During law school, Wimsatt figured he eventually would work as an in-house corporate counsel, doing patent procurement and licensing. However, his experience as a summer associate at Perkins Coie fueled an interest in litigation, which presents intellectual demands he found lacking in his previous job.

“Obviously, I’m still in a new career position,” said Wimsatt, who joined Perkins Coie in 2009 after clerking for Arizona Supreme Court Chief Justice Rebecca White Berch. “There are a number of challenges that weren’t there in the old career – persuasion isn’t a big part of an engineering career – and in the law, you are trained for unpredictability, whereas engineering was more predictable.”

As an engineer, he cared about the objective function and purpose of technology, whereas now he thinks more about how a product, person, or company will be perceived when preparing for and litigating a case.

For eight years, Wimsatt was a systems engineer at Motorola, where he designed and developed software applications for telecommunications systems, including cellular telephone networks and satellite communications systems.

“My job was challenging, but it had grown to be not stimulating enough, solving simple problems again and again, and not looking at what the next stage was going to be,” he said. “I wanted to look forward.”

Wimsatt’s other option was going for an M.B.A., but the law aligned more with his interests in intellectual property issues and a desire to work in a technology field. Upon making the decision to pursue the intellectual challenge of a legal education, he jumped in with both feet.

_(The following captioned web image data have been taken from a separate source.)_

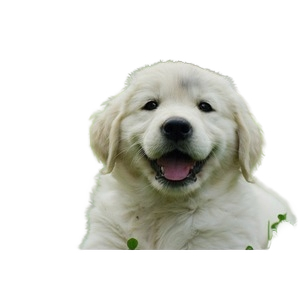 Puppy Party Mystery Box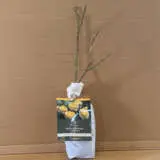 David Austin Rose The Poets Wife (pbr) David Austin Rose The Poets Wife (pbr)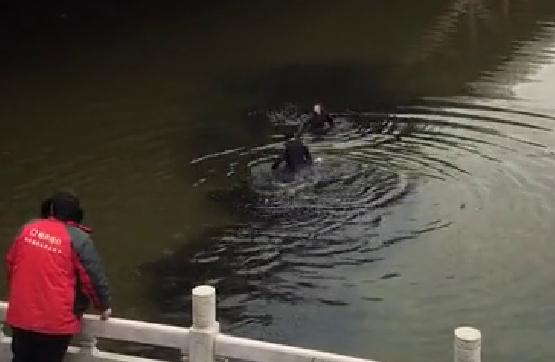 39秒丨济南一女子跳进了小清河！幸好路过的她看见了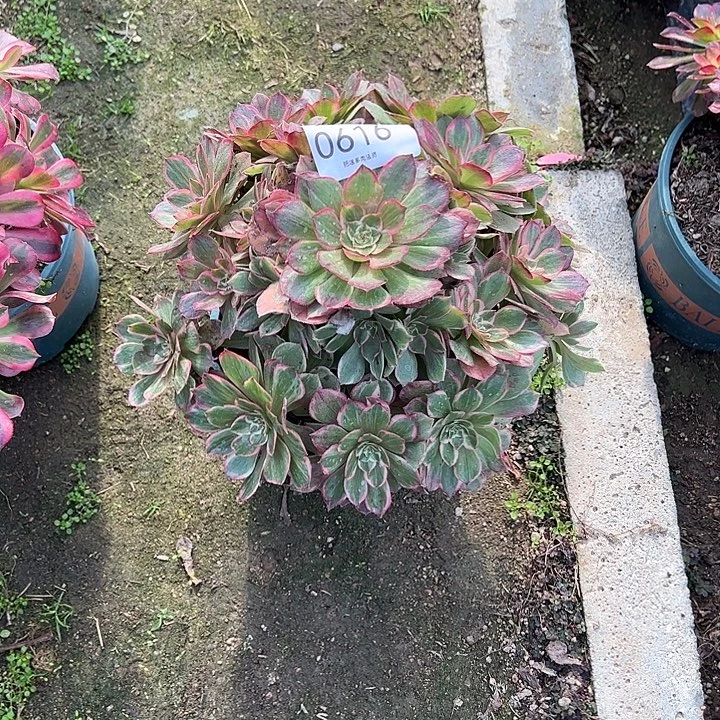 0616莲花座多肉植物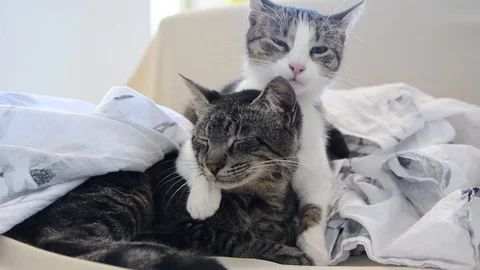 Cat licking face of other. Two cats grooming each other at home Stock-Footage 128600738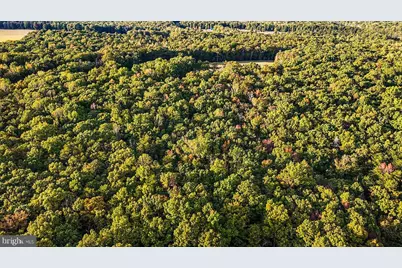 0 Old Plank Road, Locust Grove, VA 22508 - Photo 29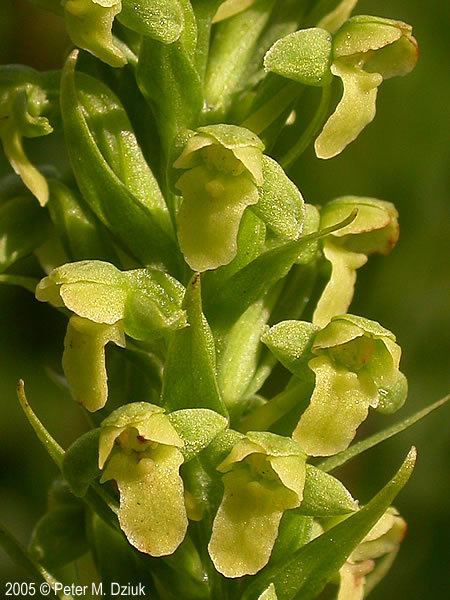 Platanthera flava Platanthera flava var herbiola Tubercled Rein Orchid Minnesota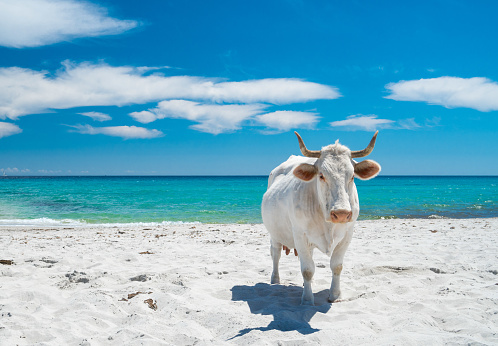 A white cow relaxes on the beach of Berchida - Oasis of Biderosa - Siniscola - Orosei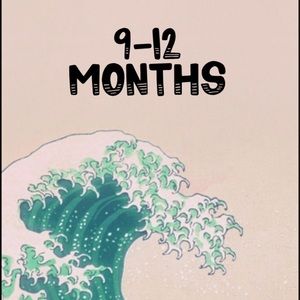 9-12 months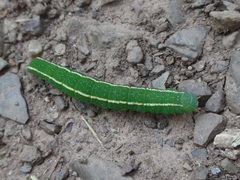 Panopoda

Wimsatt worked in the Lodestar Mediation Clinic, toiled as executive editor of Jurimetrics, the ABA’s journal on law and science which is housed in the law school, and was awarded both the John S. Armstrong Award for academic excellence, and the Steven G. Lisa Award for outstanding studies in intellectual property.

He appreciated the largely open-door policy of the faculty, and that his legal education was not just theory-based, but also had practical application.

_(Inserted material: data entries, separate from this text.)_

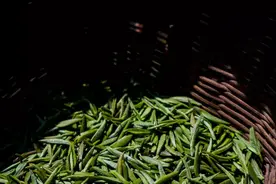 今年最火的网红茶，背后竟站着中国茶业的第一家族图片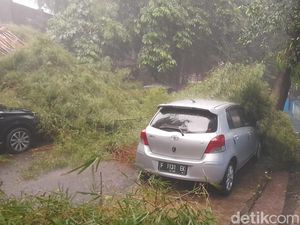 Hujan Angin di Bogor, Pohon Tumbang Timpa 5 Motor dan 3 Mobil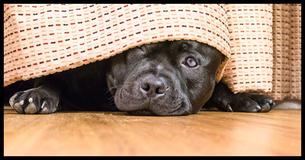 4 Reasons Why Your Dog Follows You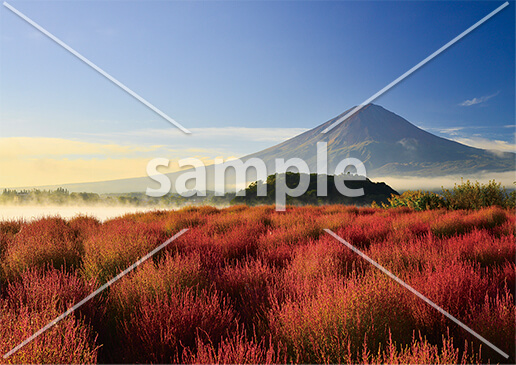 [10月] 紅葉したコキア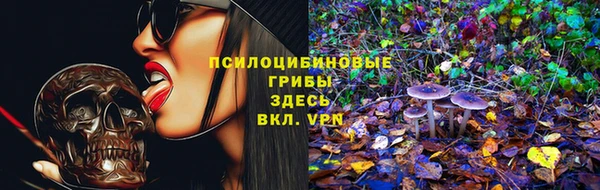 spice Баксан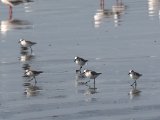 22 februari, Gambia - Drieteenstrandloper (Sanderling)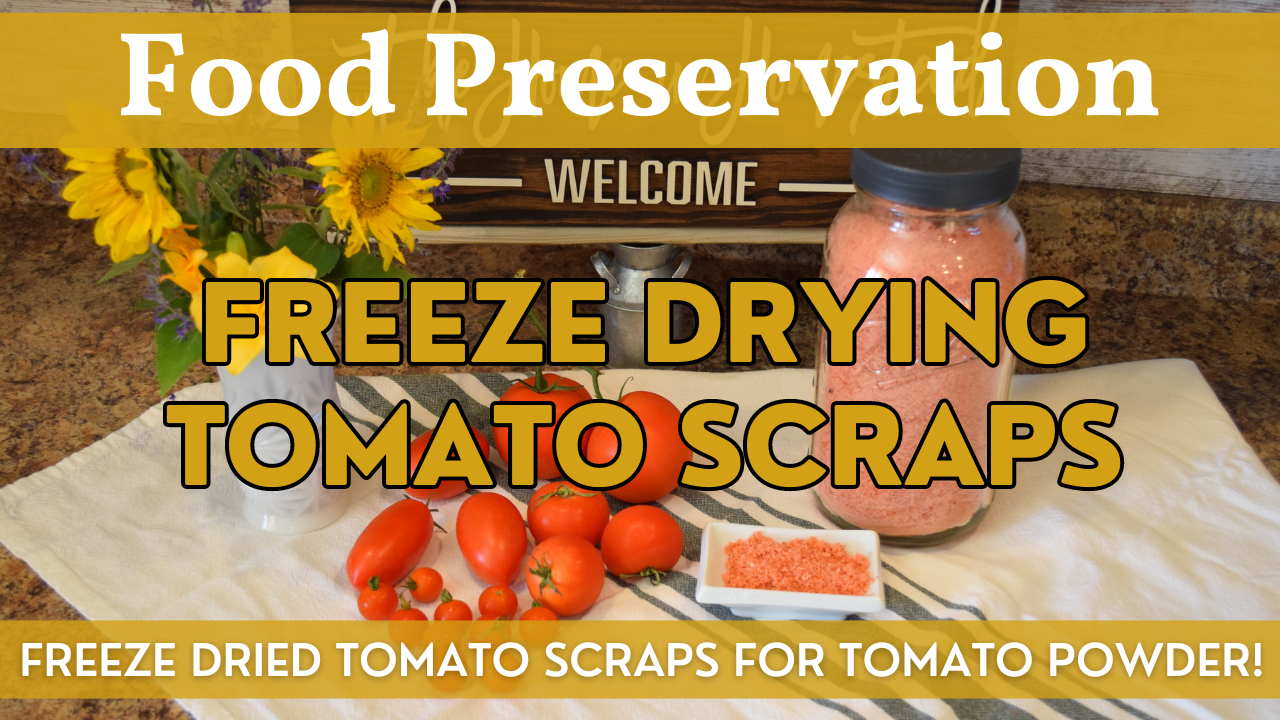 Freeze Dried Tomato Powder | Harvest Right Freeze Dryer Step by Step Guide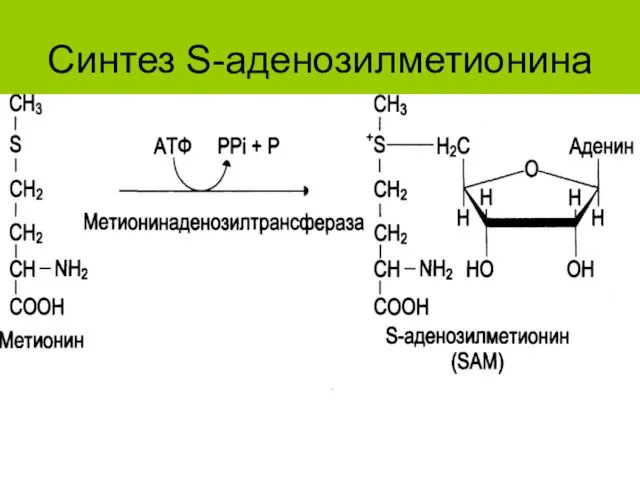 Синтез S-аденозилметионина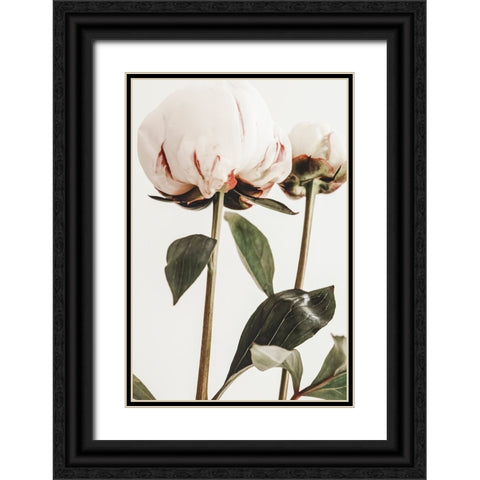 Peony 24 Black Ornate Wood Framed Art Print with Double Matting by 1x Studio III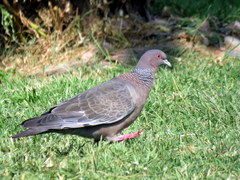 Patagioenas picazuro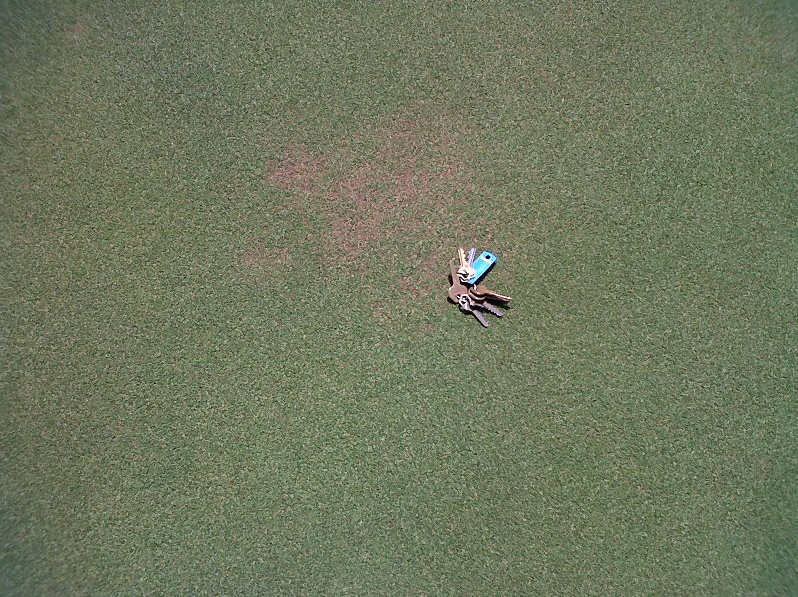 What can golf courses do to prevent disease this autumn?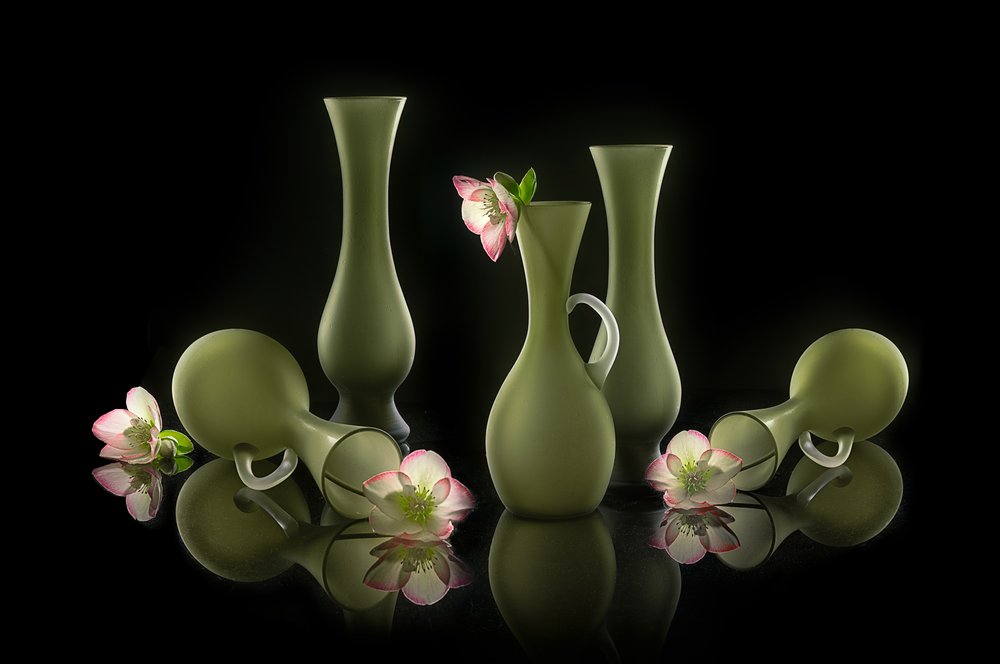 Elegant Vases and Blooms by Lydia Jacobs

Wimsatt’s clerkship with Justice Berch helped him hone his research and writing skills, and gave him an appreciation for what judges deal with -- tools he uses daily as an attorney.

“A big part of my job is getting my point across to a judge, and it seems like a lot of issues really come down to how persuasive you are on paper, rather than while standing in the courtroom,” Wimsatt said. “You try to get to the point where you can make the point succinctly, but correctly on paper.”

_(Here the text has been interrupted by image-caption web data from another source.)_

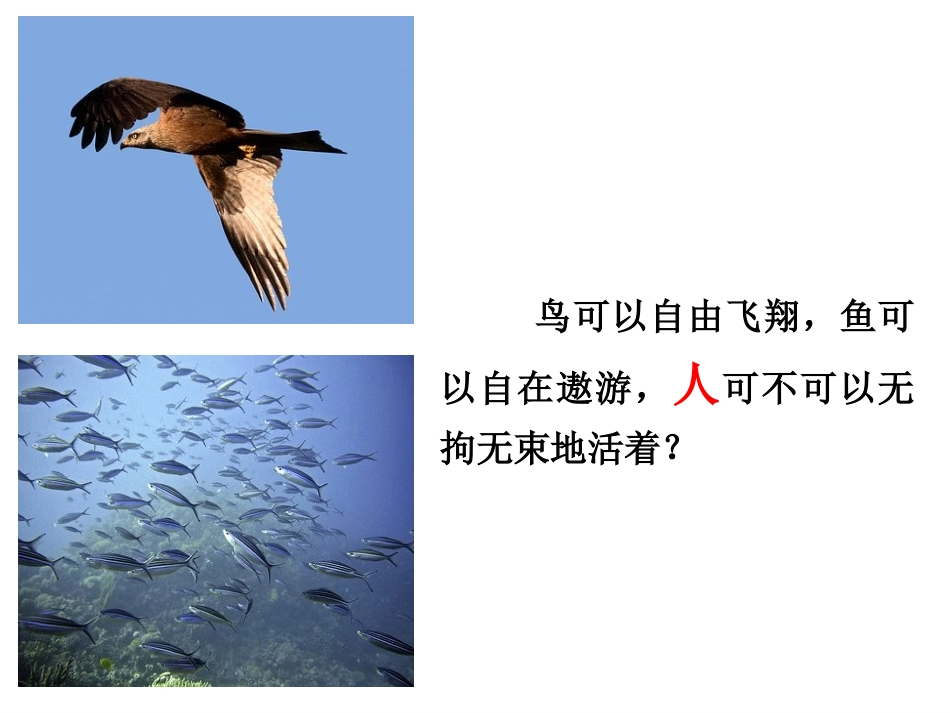 自由平等的真谛-(7)_第3页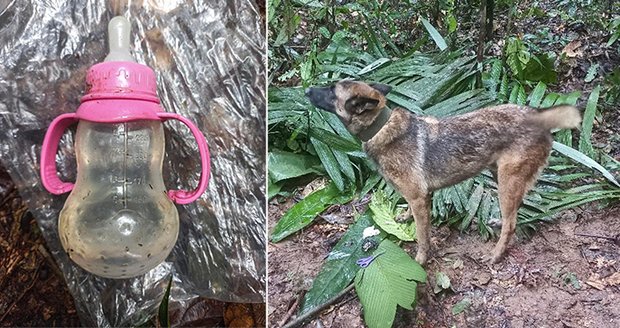 Čtyři děti přežily přes dva týdny v kolumbijské džungli. Máma zemřela při pádu letadla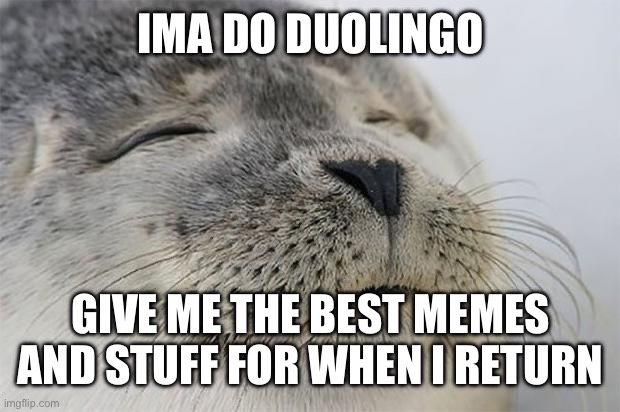 Satisfied Seal Meme | IMA DO DUOLINGO; GIVE ME THE BEST MEMES AND STUFF FOR WHEN I RETURN | image tagged in memes,satisfied seal | made w/ Imgflip meme maker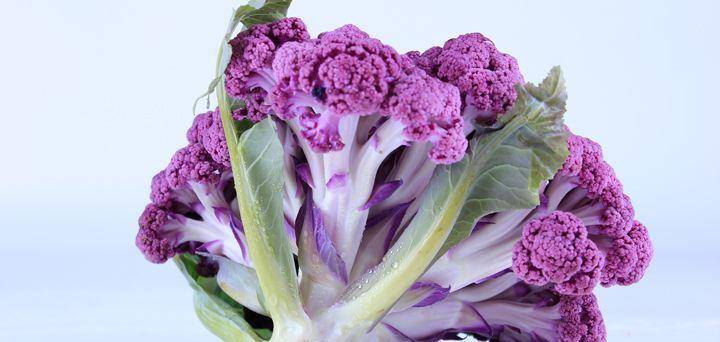 女性不想水桶腰,常吃此菜,有效消除雀斑,排出毒素,防止肥胖_紫菜_菜花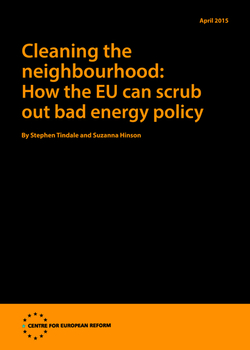 Cleaning the neighbourhood: How the EU can scrub out bad energy policy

“The time I spent clerking for Justice Berch really helped in trying to see the other side – what does the judge need to see from me?”

While balancing a family and a demanding career is never simple, Wimsatt appreciates that emerging technologies in the workplace have given him more time with his family, wife Heather, and daughters Athena, 4, and Penelope, 2. And there are parallels between a legal career with an emphasis on technology, and parenting two small children: every day produces new challenges, new lessons and a little joy.